AIM OF THE TASK | Pull every line that holds the word "مواصفات" from the entries.

AVAILABLE DATA |
---
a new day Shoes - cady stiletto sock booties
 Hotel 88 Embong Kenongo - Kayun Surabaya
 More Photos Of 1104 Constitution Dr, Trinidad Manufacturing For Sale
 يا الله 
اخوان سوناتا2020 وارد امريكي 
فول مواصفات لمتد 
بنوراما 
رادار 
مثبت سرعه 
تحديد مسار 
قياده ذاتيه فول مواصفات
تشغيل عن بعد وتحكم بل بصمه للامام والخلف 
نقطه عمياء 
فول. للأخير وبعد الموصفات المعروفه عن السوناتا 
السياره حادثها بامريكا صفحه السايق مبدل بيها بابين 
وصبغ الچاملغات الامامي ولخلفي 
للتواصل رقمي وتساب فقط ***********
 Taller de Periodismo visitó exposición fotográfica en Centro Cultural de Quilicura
---
COMPLETED EXERCISE |
فول مواصفات لمتد 
قياده ذاتيه فول مواصفات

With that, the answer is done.